Goal of the exercise
Find the line that contains "An image of a bride displayed framed" in the entries below. Restate it and every line after it, word for word, with no pictures.

Entries taken from a collection:
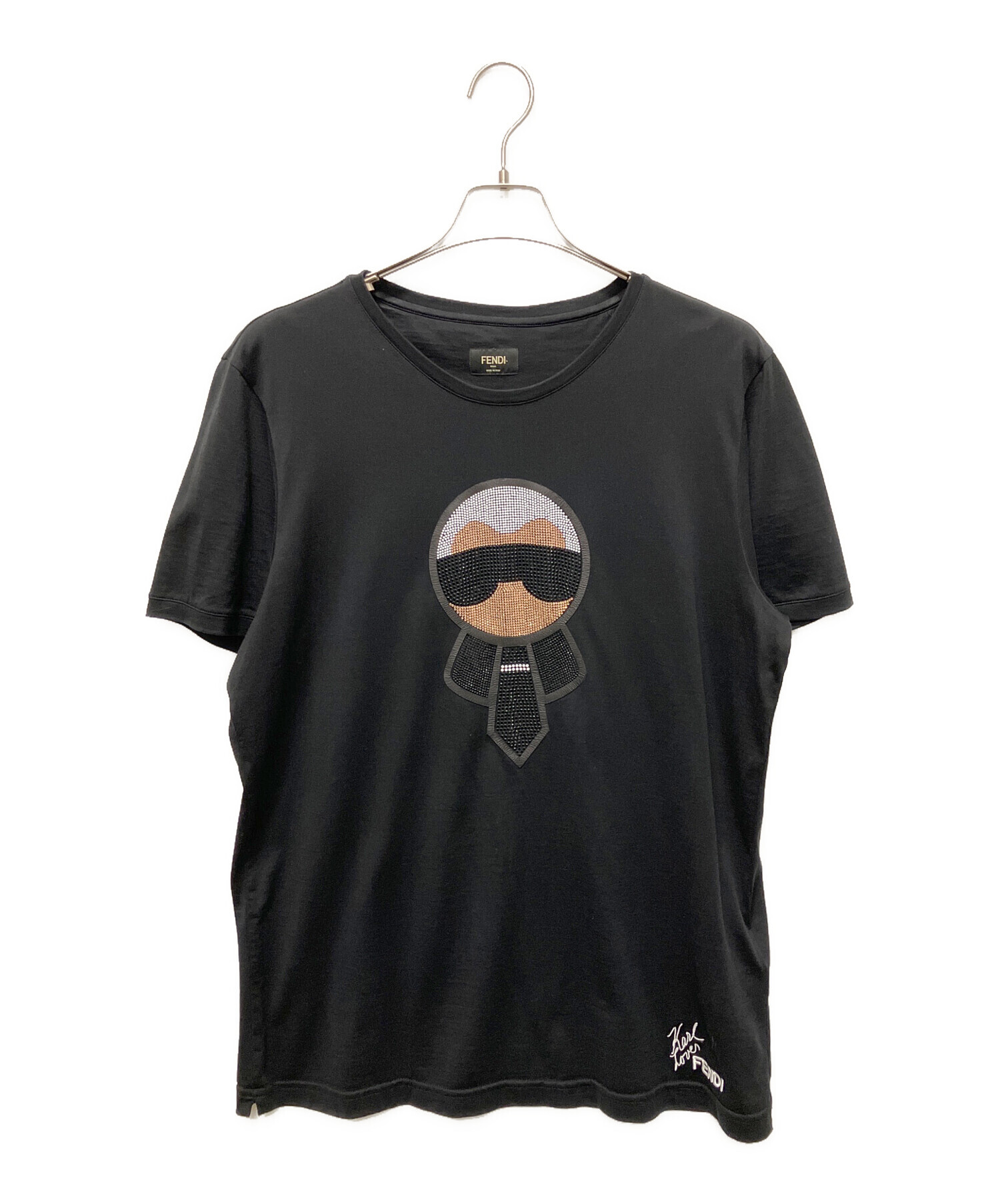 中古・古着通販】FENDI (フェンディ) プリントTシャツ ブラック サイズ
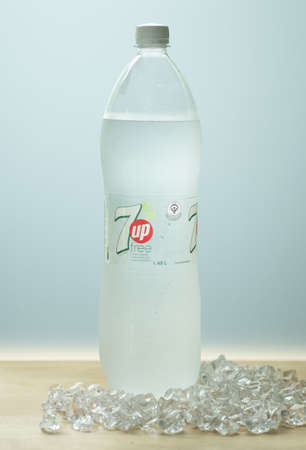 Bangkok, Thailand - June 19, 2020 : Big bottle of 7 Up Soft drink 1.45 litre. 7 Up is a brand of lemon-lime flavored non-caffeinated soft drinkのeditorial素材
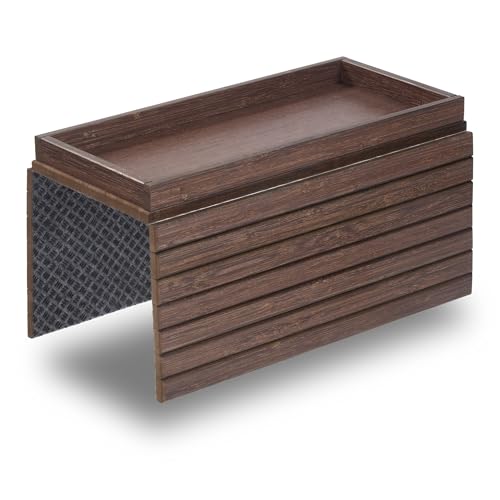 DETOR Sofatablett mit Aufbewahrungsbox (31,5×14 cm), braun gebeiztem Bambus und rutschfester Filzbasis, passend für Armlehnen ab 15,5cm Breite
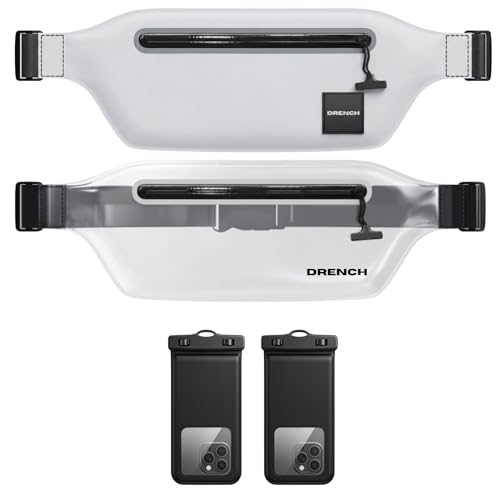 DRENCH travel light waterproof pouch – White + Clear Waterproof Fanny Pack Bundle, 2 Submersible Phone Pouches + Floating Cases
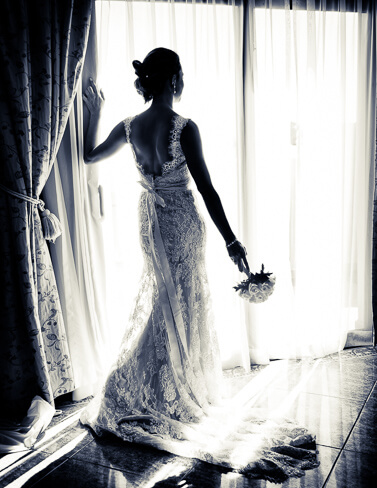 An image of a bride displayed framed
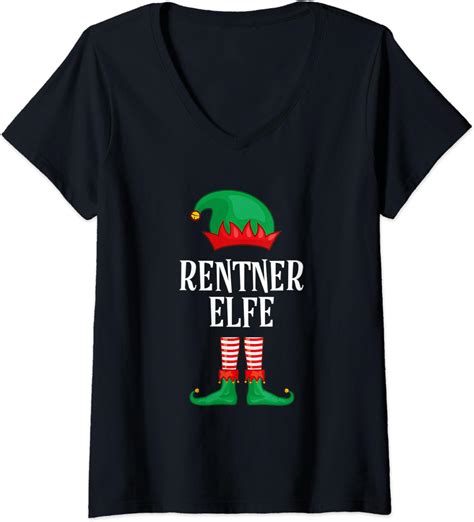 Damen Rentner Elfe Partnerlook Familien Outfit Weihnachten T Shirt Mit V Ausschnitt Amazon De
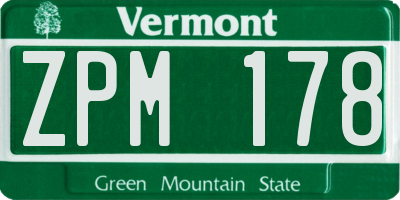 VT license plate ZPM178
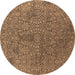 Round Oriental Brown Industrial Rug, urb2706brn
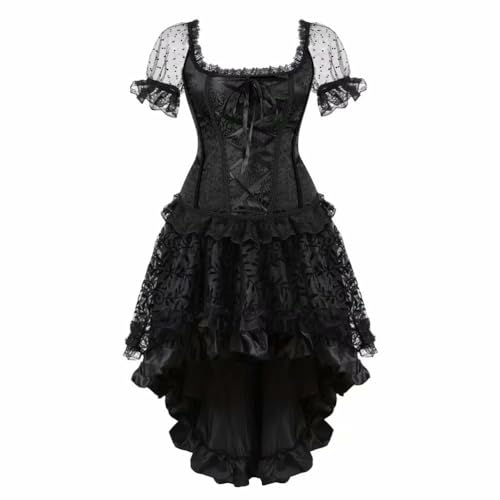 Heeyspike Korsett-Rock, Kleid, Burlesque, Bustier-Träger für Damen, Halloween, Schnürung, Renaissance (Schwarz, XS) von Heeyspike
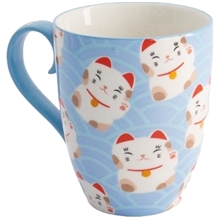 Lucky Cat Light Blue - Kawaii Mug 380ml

Worked solution
 An image of a bride displayed framed
 Damen Rentner Elfe Partnerlook Familien Outfit Weihnachten T Shirt Mit V Ausschnitt Amazon De
 VT license plate ZPM178
 Round Oriental Brown Industrial Rug, urb2706brn
 Heeyspike Korsett-Rock, Kleid, Burlesque, Bustier-Träger für Damen, Halloween, Schnürung, Renaissance (Schwarz, XS) von Heeyspike
 Lucky Cat Light Blue - Kawaii Mug 380ml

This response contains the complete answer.